Reviews from

Stranger Danger

The neighbors you know and the neighbors you don't know.

50 total reviews 
Comment from TheWriteTeach
Excellent
Not yet exceptional. When the exceptional rating is reached this is highlighted

This was a sad story. Having taught school for many years, I can tell you that children don't 'bounce back' as people like to proclaim. The horrors children face in their childhood stays with them, and deeply affects who they are. Just because they don't speak about those horrors doesn't mean they are forgotten.
It is unforgivable that the Powers family treated your family so awful just because of skin color. You were good people and good neighbors. You gave them no reason to act the way they did.

You transitioned well from scene to scene. Everything you wrote moved your story forward, and nothing slowed or stalled it out. You grabbed my interest from the start and held it throughout.

You mostly 'told' the reader what was happening rather than 'showed' us. This story had many places that would lend itself well to 'show.' It would help paint a vivid picture in the mind's eye.

I noticed a few errors.

My sister quieted, [and] we hit every house on the block . . . (you omitted the word 'and')

I think they came from the South[,] because their brood of dirty blond . . . (Use a comma to separate two independent clauses that are joined with a conjunction.)

. . . I recall my sister, {my} brother, and I . . . (you don't need the second 'my')

. . . I recall my sister, my brother, and I[,] three black children[,] stood on the sidewalk . . . (Use a comma to separate a parenthetical expression apart from the rest of the sentence, not dashes, em or en. Dashes are called for in different situations.)

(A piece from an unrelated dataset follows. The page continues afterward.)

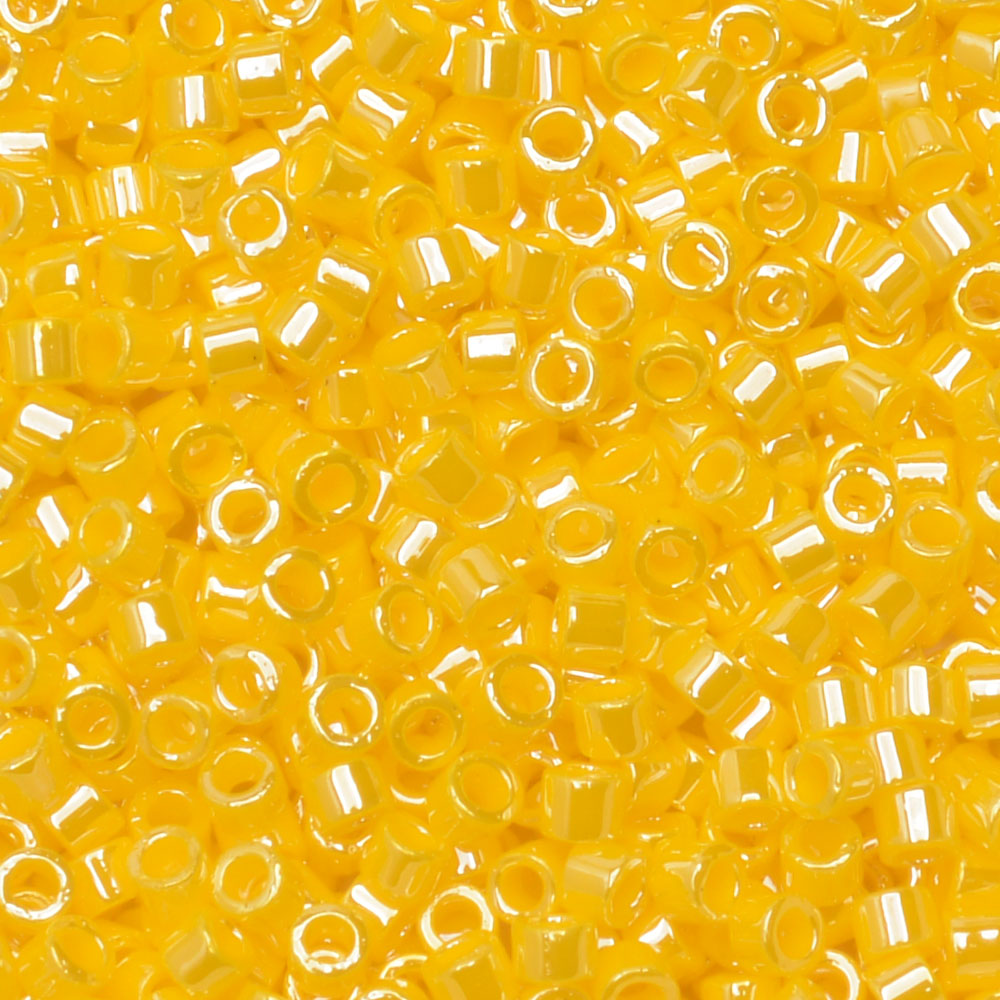 Miyuki Delica Seed Beads, 11/0 Size, #1562 Opaque Canary Luster (2.5" Tube)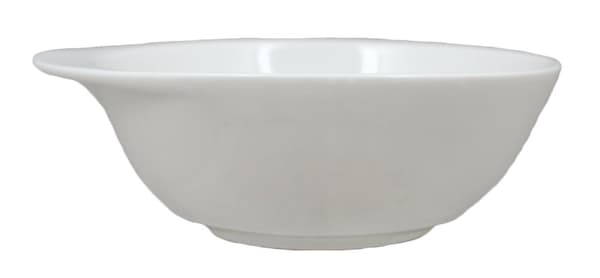 Porcelænsskål rund med lille hank - 8 stk.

I opened my eyes[,] and I saw an orange glow from my . . . (Use a comma to separate two independent clauses that are joined with a conjunction.)

This is an excellent story and I could see it expanded into something bigger. I would love to know what it was like the day the Powers family moved in, if you tried to be friends with them, how your family got along with them after the fire, did they do more awful things to you, etc.

Suzanne


 Comment Written 07-Aug-2016


reply by the author on 08-Aug-2016
    Yes, Suzanne, "children don't 'bounce back.'" I looked at my drawings, photographs, poems, and stories and discovered that I have been replaying the same images of horror for forty-eight years. I often use fantasy or science fiction to allude to the event. I hope that by tackling the event head on in a non-fiction story, I can finally put to rest this ghost of Halloween that has haunted me my entire life.

    Your notes and corrections are instructive. I copied and printed them so I can correct them one by one. Given that this story is a script that I will tell from memory in front of audiences I will use my tools of my hands, body, face, and voice to "show" my audience my story within five minutes. I deeply appreciate your corrections because I need to finalize this script so I can begin rehearsal.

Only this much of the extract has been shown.